[Scraped caption text data]
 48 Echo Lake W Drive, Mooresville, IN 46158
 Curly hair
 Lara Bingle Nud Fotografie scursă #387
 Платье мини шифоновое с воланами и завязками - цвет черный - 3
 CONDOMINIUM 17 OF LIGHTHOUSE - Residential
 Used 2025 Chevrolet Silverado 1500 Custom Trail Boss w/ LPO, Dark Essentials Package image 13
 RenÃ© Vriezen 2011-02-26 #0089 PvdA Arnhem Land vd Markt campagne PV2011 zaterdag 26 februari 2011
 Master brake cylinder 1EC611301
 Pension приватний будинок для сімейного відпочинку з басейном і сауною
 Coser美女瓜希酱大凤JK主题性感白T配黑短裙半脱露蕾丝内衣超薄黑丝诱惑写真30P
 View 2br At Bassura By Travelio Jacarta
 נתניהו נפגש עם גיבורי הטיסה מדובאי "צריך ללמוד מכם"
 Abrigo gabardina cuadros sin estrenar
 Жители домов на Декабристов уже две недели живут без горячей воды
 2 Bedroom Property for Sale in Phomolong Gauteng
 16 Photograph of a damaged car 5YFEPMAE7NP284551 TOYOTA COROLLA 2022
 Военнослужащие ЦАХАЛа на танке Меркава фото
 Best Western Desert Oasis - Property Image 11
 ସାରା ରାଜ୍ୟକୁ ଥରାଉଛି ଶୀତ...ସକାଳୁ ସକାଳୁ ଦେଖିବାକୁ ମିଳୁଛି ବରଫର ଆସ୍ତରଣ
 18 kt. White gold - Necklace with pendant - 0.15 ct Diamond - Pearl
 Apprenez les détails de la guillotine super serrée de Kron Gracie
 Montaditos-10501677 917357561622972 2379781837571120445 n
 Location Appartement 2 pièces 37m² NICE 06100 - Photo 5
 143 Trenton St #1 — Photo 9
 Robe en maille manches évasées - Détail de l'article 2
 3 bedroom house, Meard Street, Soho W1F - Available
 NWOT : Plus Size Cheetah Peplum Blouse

EXERCISE INSTRUCTIONS:
Copy every line of the data that holds the string "Property".

EXERCISE ANSWER:
 2 Bedroom Property for Sale in Phomolong Gauteng
 Best Western Desert Oasis - Property Image 11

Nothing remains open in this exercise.